Since fiscal year 2001, pension obligations relating to employees covered by collective wage
agreements have been linked to a pension fund model.
    Provisions for jubilee payments are discounted at 5.5% per annum, reflecting tax
recognition and measurement provisions.
    Provisions for obligations under partial retirement arrangements are discounted to the
present value at a real discount rate of 3.2%.
    Provisions for warranty obligations are recognized on the basis of the historical or estimated
probability of claims affecting vehicles delivered.
    Currency forwards are measured by comparing the agreed rate with the forward rate for the
same maturity at the balance sheet date. A provision is recognized for any resulting unrealized
loss. Any positive gains (remeasurement gains) are not recognized. Gains and losses are not
offset. Measurement gains or losses are discounted to the present value.
    Liabilities are carried at their redemption or settlement amount.
    Liabilities denominated in foreign currencies are translated at the exchange rate prevailing
at the date of initial recognition. A higher exchange rate at the balance sheet date results in the
remeasurement of the receivable at a higher carrying amount, with the difference recognized in
the income statement. Lower exchange rates at the balance sheet date (remeasurement gains)
are not recognized.
    The amount of contingent liabilities disclosed corresponds to the liable amount.

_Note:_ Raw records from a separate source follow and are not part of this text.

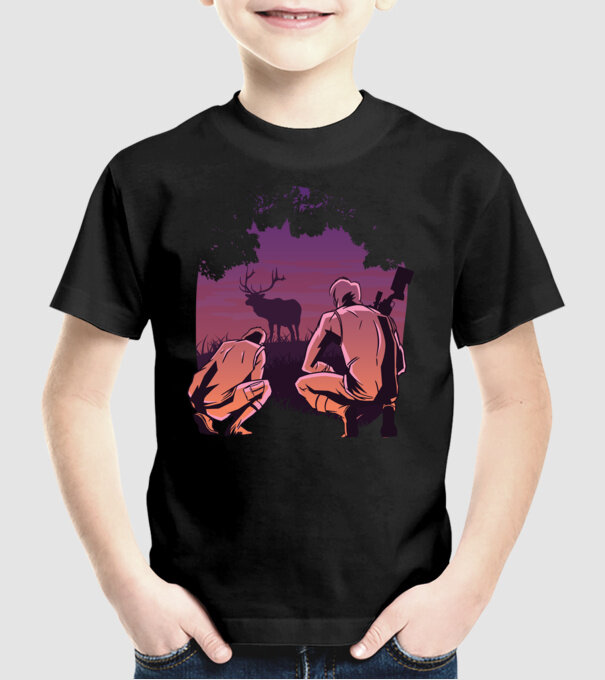 Vânătoare model negru pe tricou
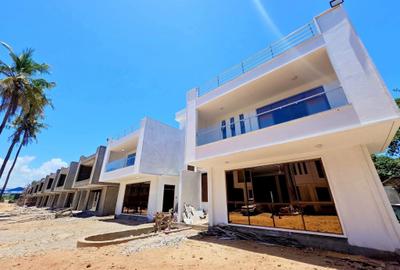 3 Bed Villa with Swimming Pool in Mtwapa - 4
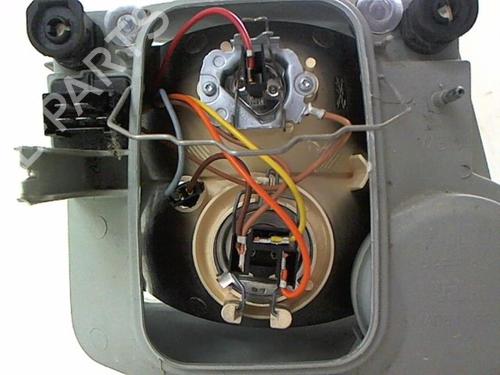 Left headlight MERCEDES-BENZ VITO Van (W638) 108 CDI 2.2 (638.094) | BP20410160C28 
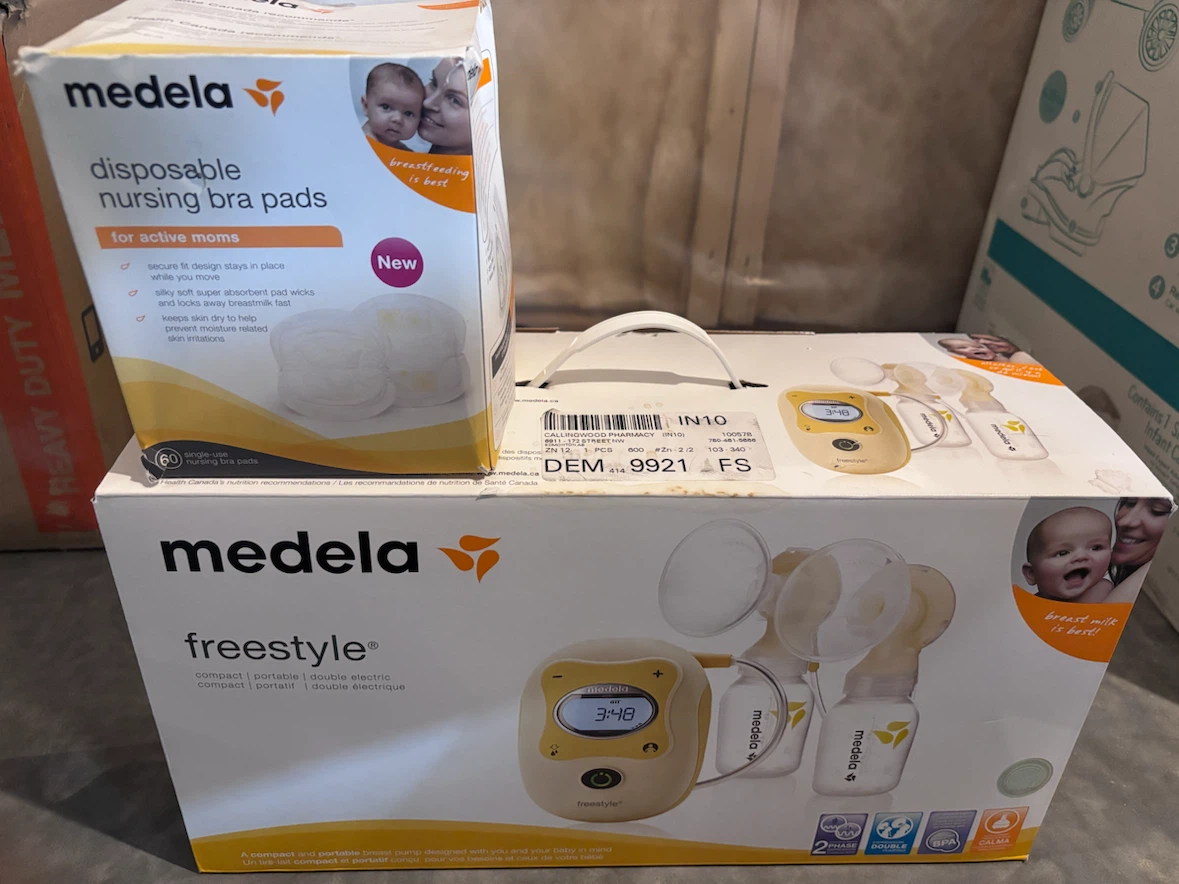 Medela Freestyle Breast Pump and Nursing Pads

    In the income statement, the allocation of expenses to the cost of sales, selling and general
and administrative functions is based on cost accounting principles.

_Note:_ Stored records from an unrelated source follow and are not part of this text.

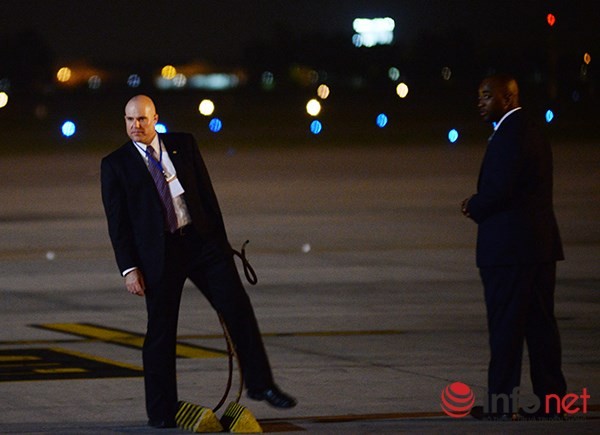 Video vòng bảo vệ cẩn mật của các mật vụ bảo vệ Tổng thống Obama tại Việt Nam ảnh 4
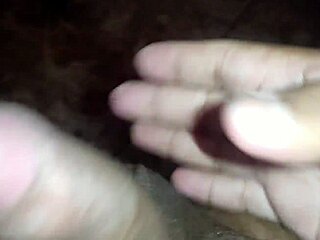 MASTURBÁNDOSE thinking about HER STEPSIS all horny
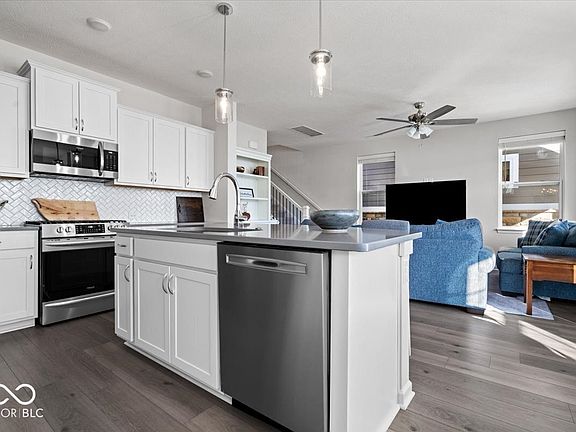 4th image of 9213 Hawley Dr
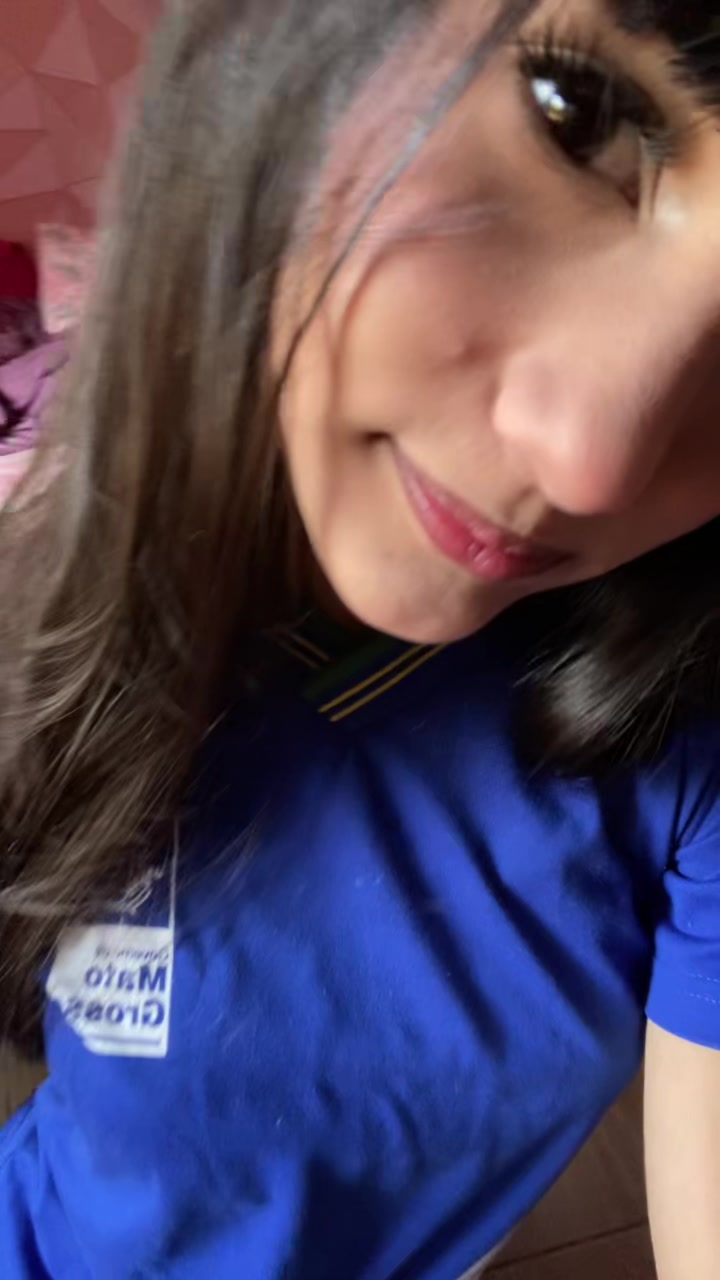@𝑀𝒶𝓃𝓊 🫧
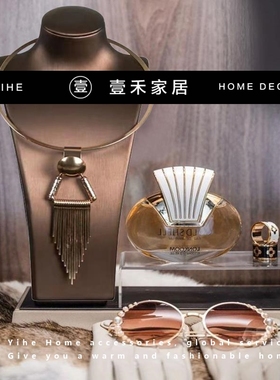 样板房现代软装衣帽间轻奢组合卧室高级摆件包包鞋子帽装饰软装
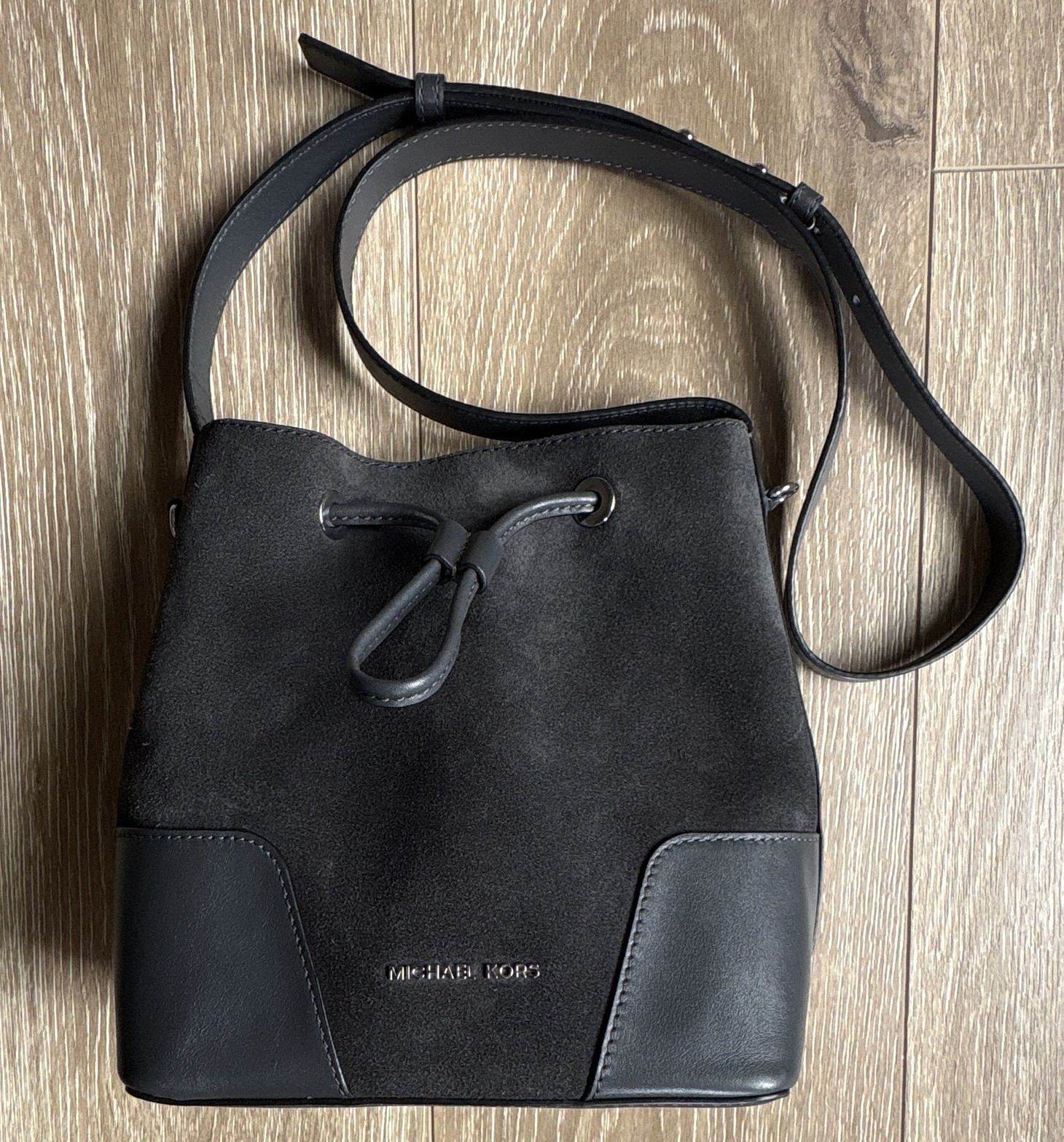 Michael Kors Black Bucket Drawstring Shoulder Bag w/ Pouch Silver Hardware Logo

    Cost of sales contains all expenses relating to the purchase of materials and the production
function, the costs of merchandise, the cost of research and development, and warranties and
product liability expenses.
    Selling expenses include personnel and non-personnel operating costs of our sales and
marketing activities, as well as shipping, advertising, sales promotion, market research and
customer service costs.
    General and administrative expenses include personnel and non-personnel operating costs
of the administrative functions.
    Other taxes are allocated to the consuming functions.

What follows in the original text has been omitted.